* Data for this task *

━━━━━━━━━━━━━━━━━━━━

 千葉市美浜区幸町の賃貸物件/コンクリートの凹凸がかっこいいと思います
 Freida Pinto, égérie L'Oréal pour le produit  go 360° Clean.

━━━━━━━━━━━━━━━━━━━━

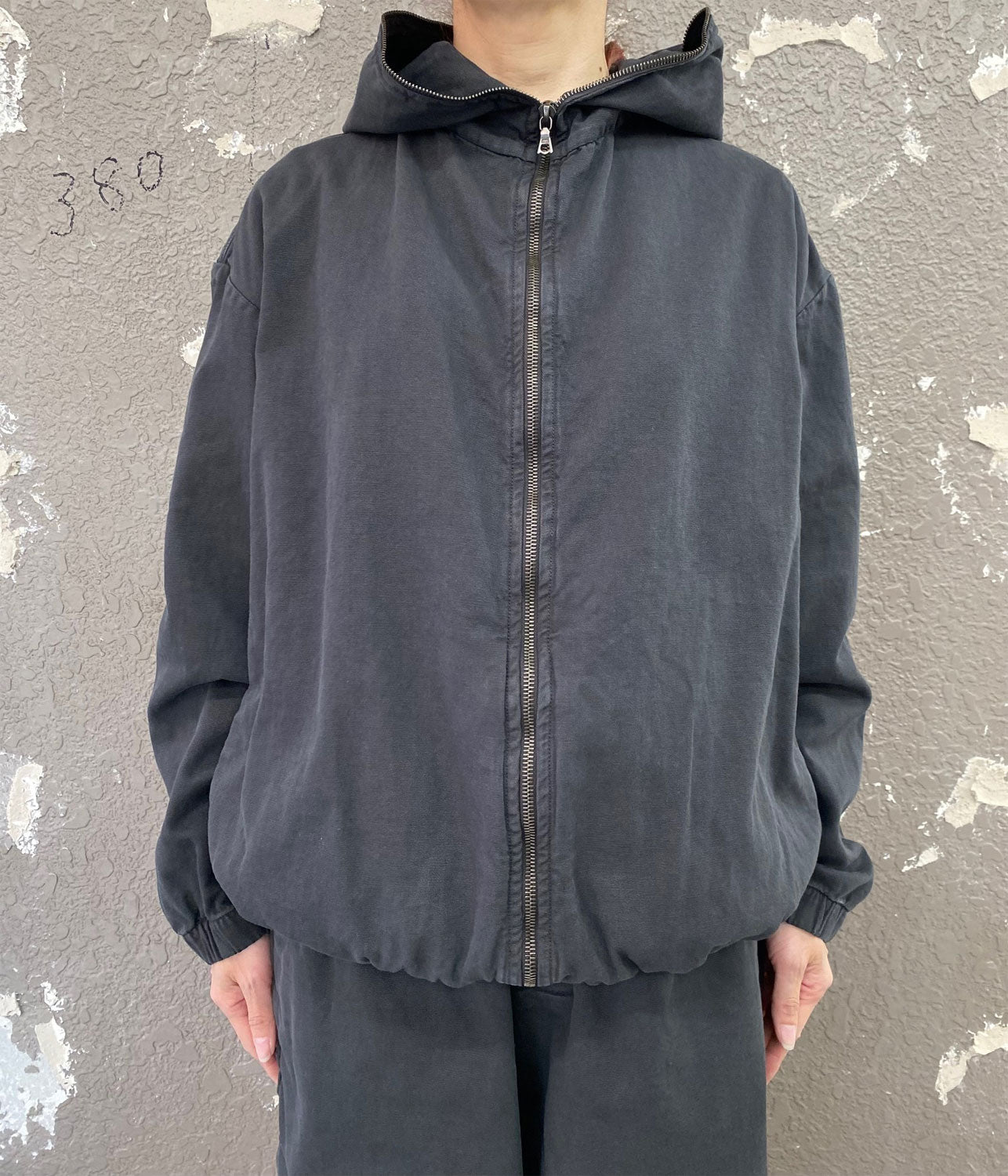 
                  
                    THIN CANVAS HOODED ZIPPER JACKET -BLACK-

━━━━━━━━━━━━━━━━━━━━

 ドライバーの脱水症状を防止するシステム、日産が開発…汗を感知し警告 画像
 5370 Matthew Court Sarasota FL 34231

━━━━━━━━━━━━━━━━━━━━

* The problem *
Return the span of lines in the data above that opens at the line with "ドライバーの脱水症状を防止するシステム、日産が開発…汗を感知し警告 画像" and closes at the line with "5370 Matthew Court Sarasota FL 34231", exactly, ends included, nothing else.

* Result for this task *
 ドライバーの脱水症状を防止するシステム、日産が開発…汗を感知し警告 画像
 5370 Matthew Court Sarasota FL 34231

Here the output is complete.